# A Notepad for Kindle & Kindle DX



## meem (Aug 16, 2010)

*EduKindle Notepad* - a simple file download for your Kindle that provides you with a place to create and save personal notes for your Kindle - you can also get instructions on how to use EduKindle Notepad by downloading the Notepad Instructions file and transferring it to your Kindle with the Notepad file - when you open Notepad, you will see a note icon next to the title at the top - click on the Menu and select "My Notes and Marks" to read the Notepad instructions - you can then delete the note if you wish!

Main website:
http://edukindle.com/2010/09/notepad-for-kindle-keeps-your-ideas-handy/

Direct Download link:
EduKindle-Notepad.prc

Our question now is:
*Is Kindle really appropriate for the codification of the diary notes and everyday tasks ?*


----------



## Joe Chiappetta (May 20, 2010)

Can a person export the notes they make in your program to other devices? For example could I turn those notes into a txt file and drag it from a kindle folder to my desktop via usb?


----------



## meem (Aug 16, 2010)

More two applications (Direct download):

Planner 2009 for Kindle

Calendar for Kindle
As you see, they are two old files (for the year 2009), but I put them to see the idea.
You can simply create your own new ones.


----------



## SusanCassidy (Nov 9, 2008)

These are not really applications, just files.

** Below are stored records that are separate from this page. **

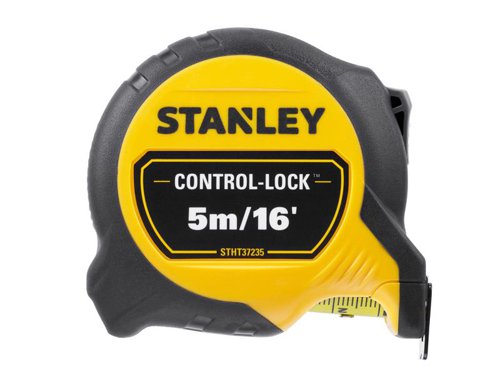 The STANLEY® CONTROL-LOCK™ Pocket Tape has a double sided print blade enabling easier overhead measurements or use in awkward spaces. Its abrasion-resistant blade coating provides additional durability. The first 20cm of the blade is also treated with a BladeArmor® coating to reinforce the most vulnerable part, of the blade, and reduce the risk of kinks or tears.Its innovative Multi-catch Hook provides more contact surface and grip for greater control, whilst the TRU-ZERO™ feature ensures precise inner and outer measurements.There is also a detachable magnet for greater versatility. The 25mm blade width and extended reach of 3.5 metres helps you to measure confidently from a distance, even when working alone.Ergonomically engineered to fit comfortably in the palm of your hand. Its bi-material casing provides exceptional grip. Equipped with patented Twin-Core™ technology, resulting in a compact case design taking up less space on your tool belt.Its flat-based design also ensures more stability on work surfaces. An integrated finger brake provides users with full control when retracting and extending the blade ensuring more controlled measurements and longer tape life.Class II Accuracy. Suitable for most professionals, providing a reassuring ±0,5mm error tolerance at 1m.Available with metric only or metric and imperial graduations.This STANLEY® CONTROL-LOCK™ Pocket Tape has metric and imperial graduations.It has a double sided print blade enabling easier overhead measurements or use in awkward spaces. Its abrasion-resistant blade coating provides additional durability. The first 20cm of the blade is also treated with a BladeArmor® coating to reinforce the most vulnerable part, of the blade, and reduce the risk of kinks or tears.Its innovative Multi-catch Hook provides more contact surface and grip for greater control, whilst the TRU-ZERO™ feature ensures precise inner and outer measurements.There is also a detachable magnet for greater versatility. The 25mm blade width and extended reach of 5 metres (16ft) helps you to measure confidently from a distance, even when working alone.Ergonomically engineered to fit comfortably in the palm of your hand. Its bi-material casing provides exceptional grip. Equipped with patented Twin-Core™ technology, resulting in a compact case design taking up less space on your tool belt.Its flat-based design also ensures more stability on work surfaces. An integrated finger brake provides users with full control when retracting and extending the blade ensuring more controlled measurements and longer tape life.Class II Accuracy. Suitable for most professionals, providing a reassuring ±0,5mm error tolerance at 1m.(Metric and imperial graduations).Specifications:Blade Length: 5m/16ft.Blade Width: 25mm.Accuracy: EC Class II.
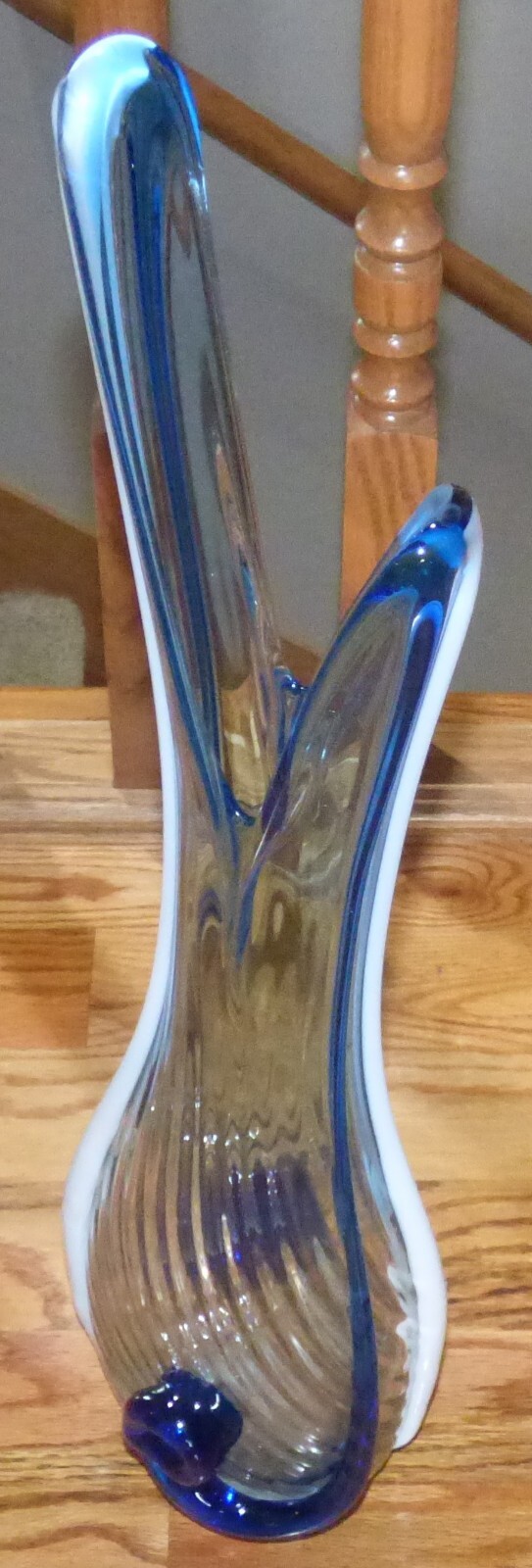 Large 26" MCM Swung Vase with Blue, White and Clear Glass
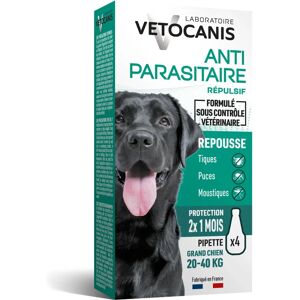 Vetocanis 4 Pipettes Antiparasitaires pour Grands Chiens - 2x 1 Mois de Protection - Publicité Vetocanis 4 Pipettes Antiparasitaires pour Grands Chiens - 2x 1 Mois de Protection - Publicité
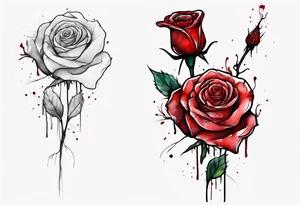 rose flower, one line, red blood dripping from the flower, tall, watercolor, with a T
placed in the stem tattoo idea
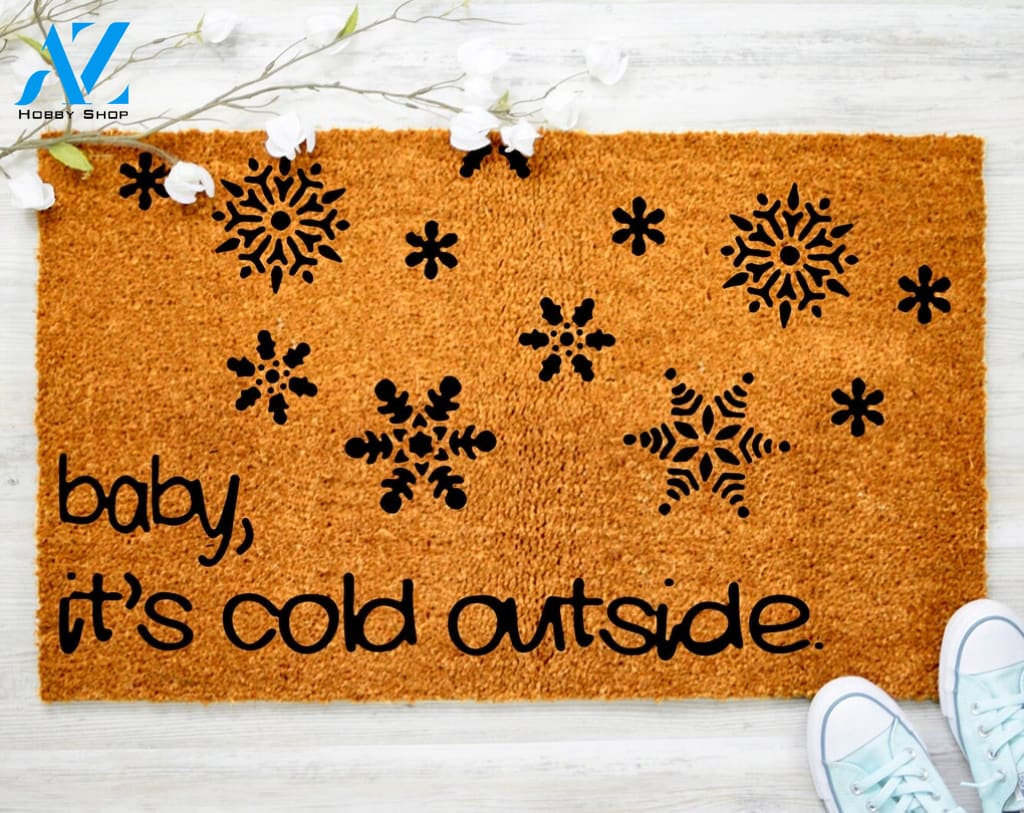 Baby It is Clod Outside Winter Christmas Doormat Christmas Outdoor Decor Porch Decor Coir Door Mat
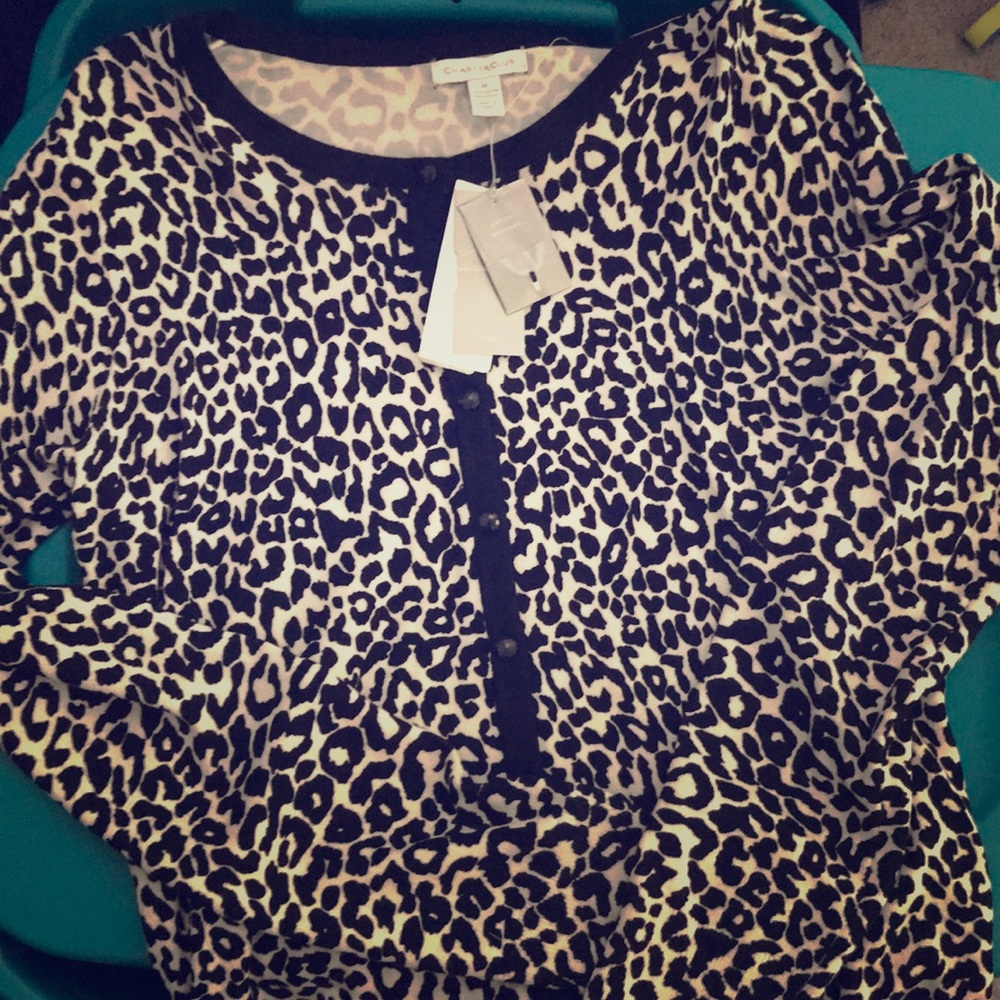 Animal printed cardigan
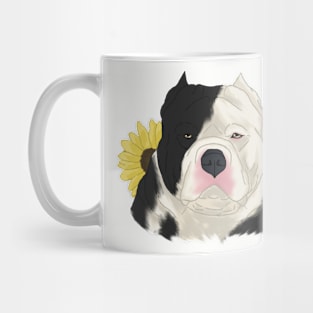 Black Pied American Bully with Sunflowers Mug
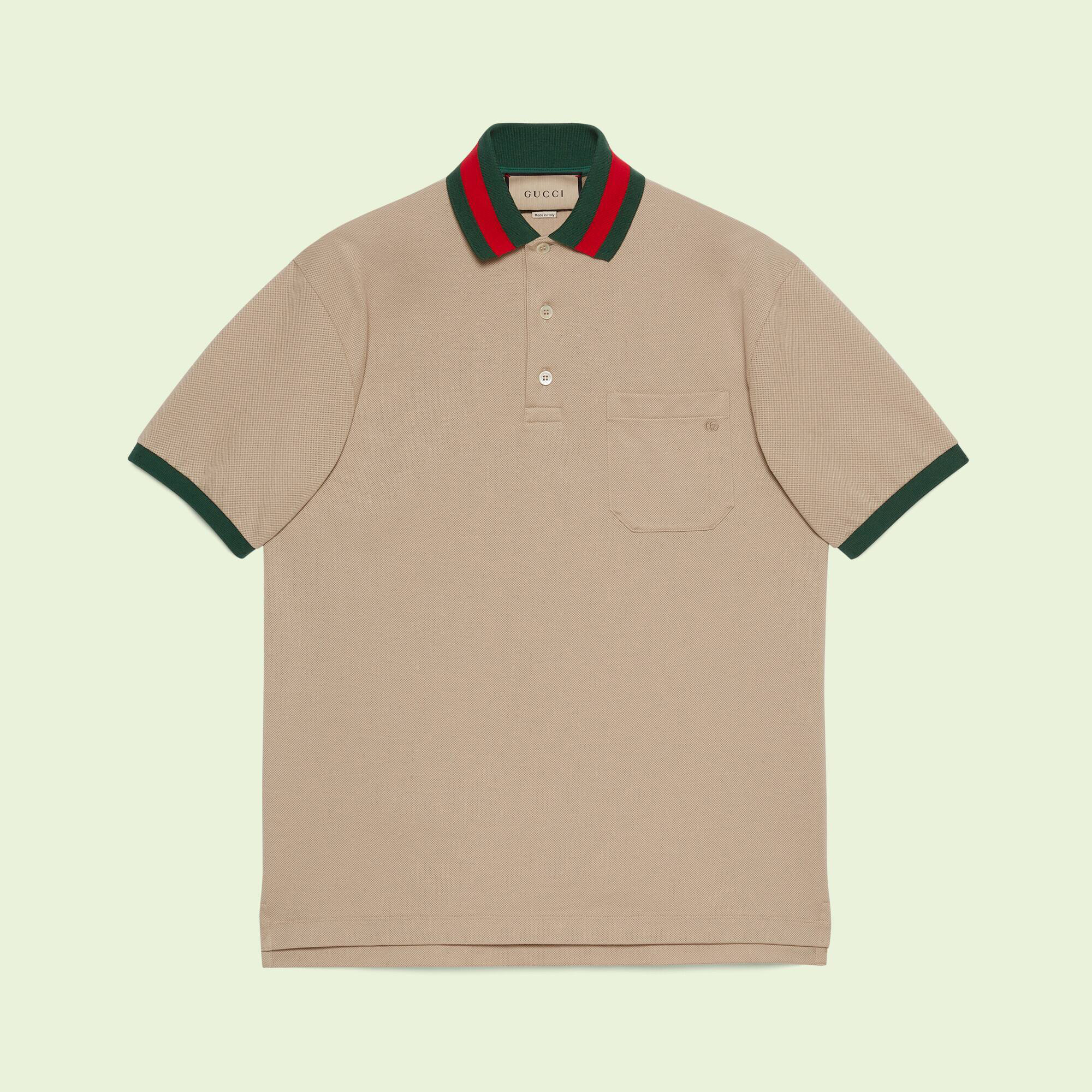 Gucci Cotton Piquet Polo With Web Collar Men's Summer Short Sleeve Polo Shirt #nigo96343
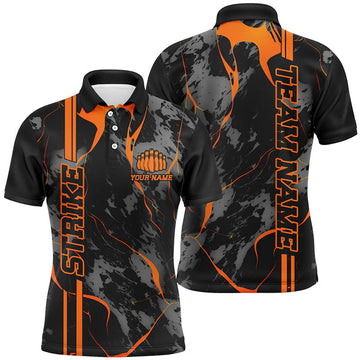 FUNSTUFFPRINT Custom Orange Strike Bowling Shirts Men Polo Orange Camo Bowling Team Polo Shirt Size S-5XL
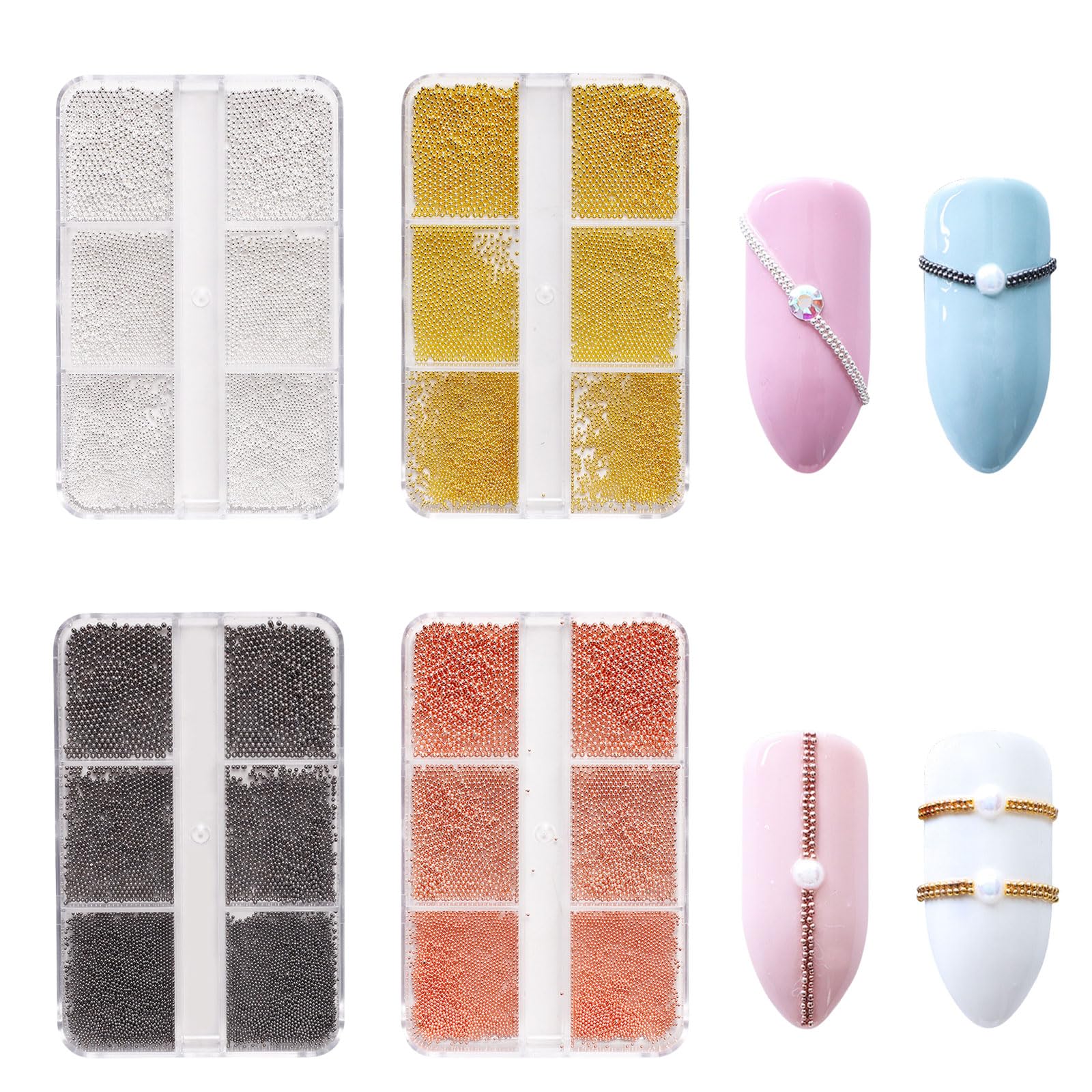 Nail Art Caviar Beads- 4 Boxes 3D Micro Caviar Beads Gold Silver Black Rosegold Gray Tiny Steel Beads Metal Mini Pearls Ball Glitter for Nail Art Decorations DIY Crafts Accessories (1.2mm,1mm,0.8mm) — image 1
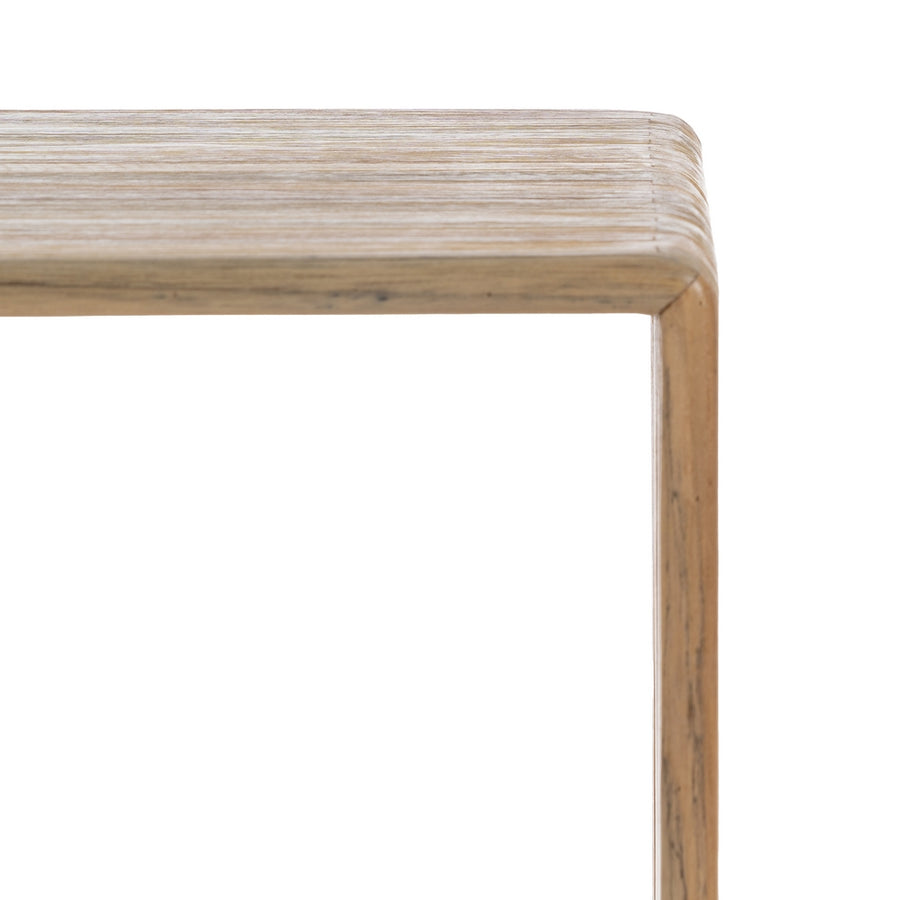 S/2 TEAK WOOD CONSOLE NATURAL 85 X 30 X 86 CM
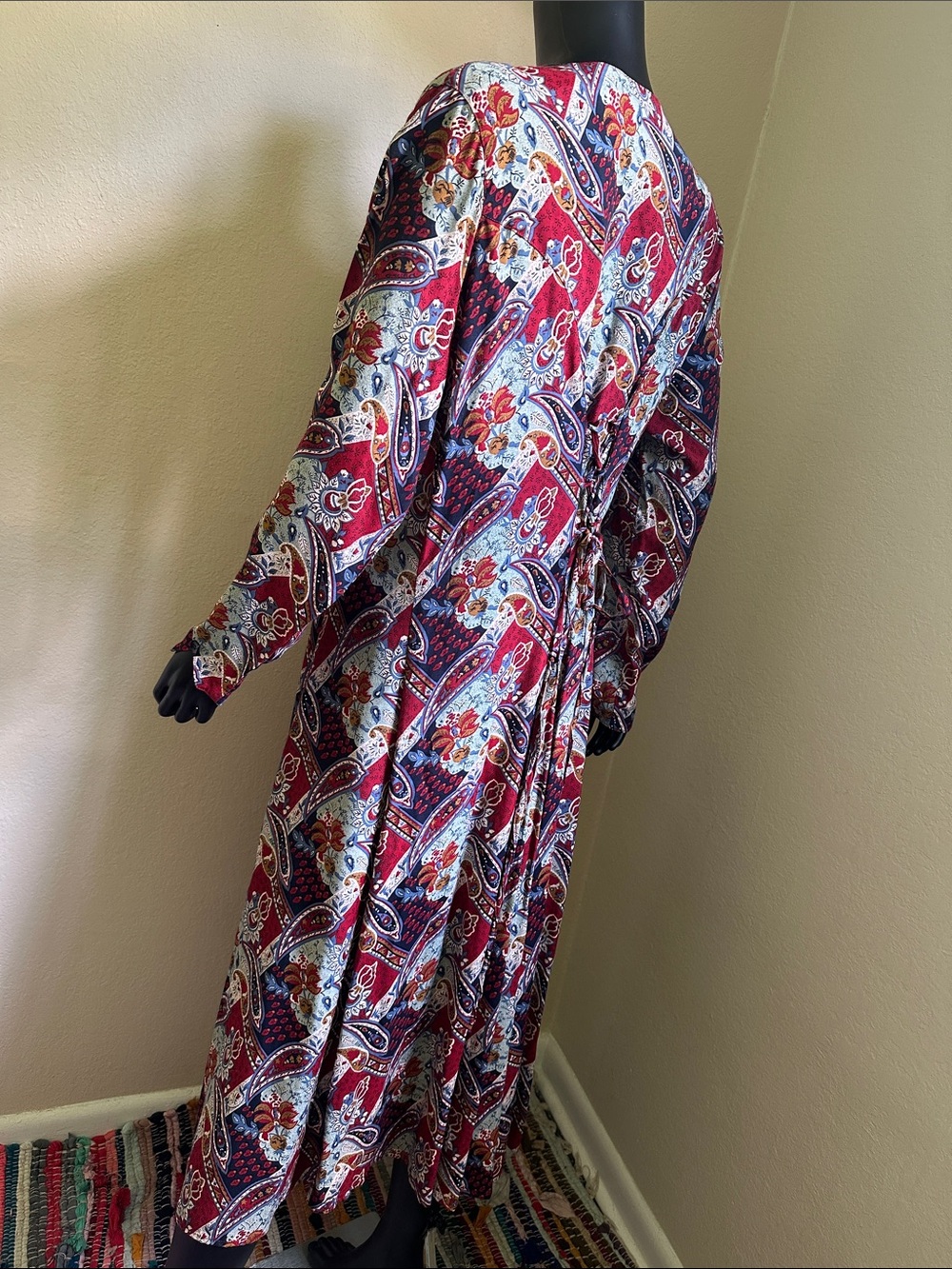 Vintage Erika Burgundy Paisley Button-Front Lace-Up Back Long Sleeve Maxi Dress - Picture 8 of 16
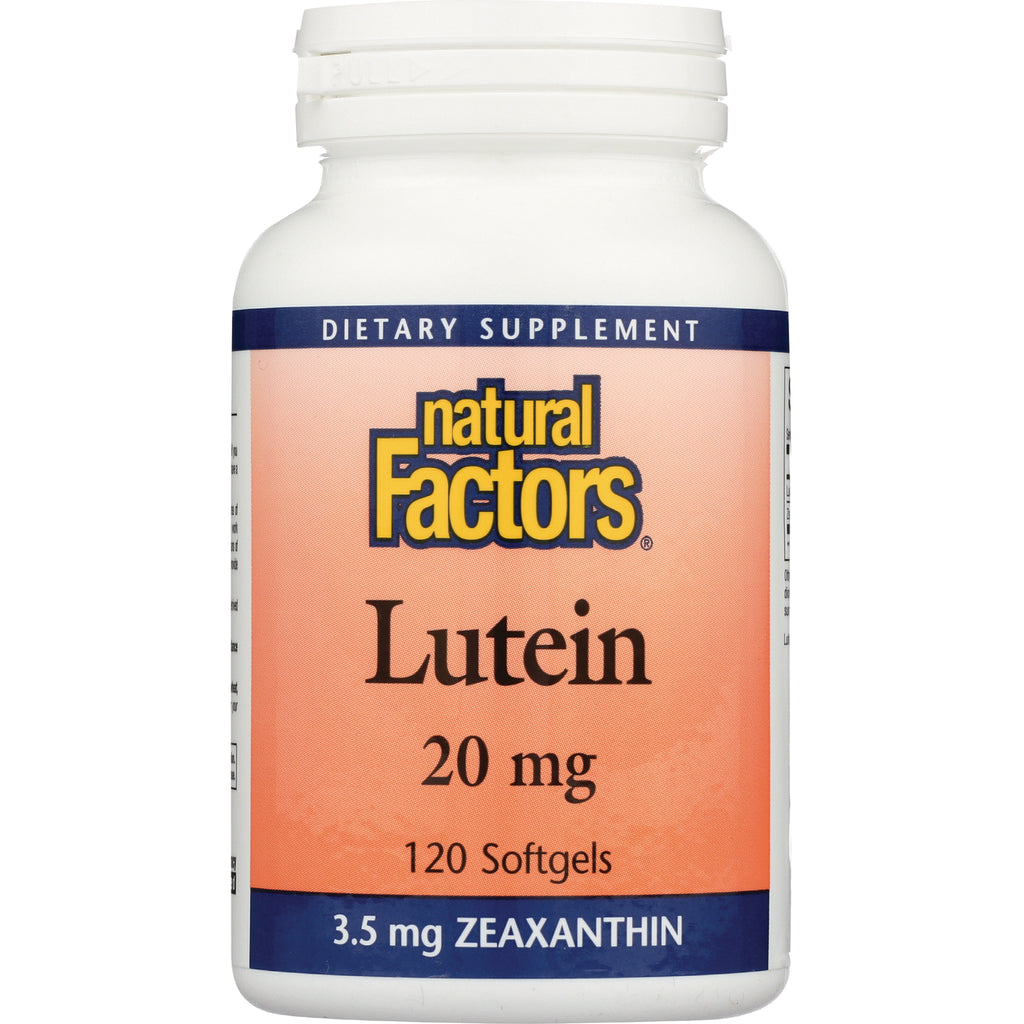 NFC070 | Natural Factors Lutein 20 mg softgels bottle, 120 count with 3.5 mg zeaxanthin - Thumbnail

Any .txt file can have notes added to it.  Just create one on your pc, copy to Kindle, and add notes as you like.  If you have categories you want to use, create "Shopping", "Books", etc. with a few blank lines after each of those lines.

A copy of each note is added to "My Clippings".  That file can be copied to your pc, and cut/pasted/whatever, as you will.


----------



## meem (Aug 16, 2010)

Thank you.
It's a better idea.


----------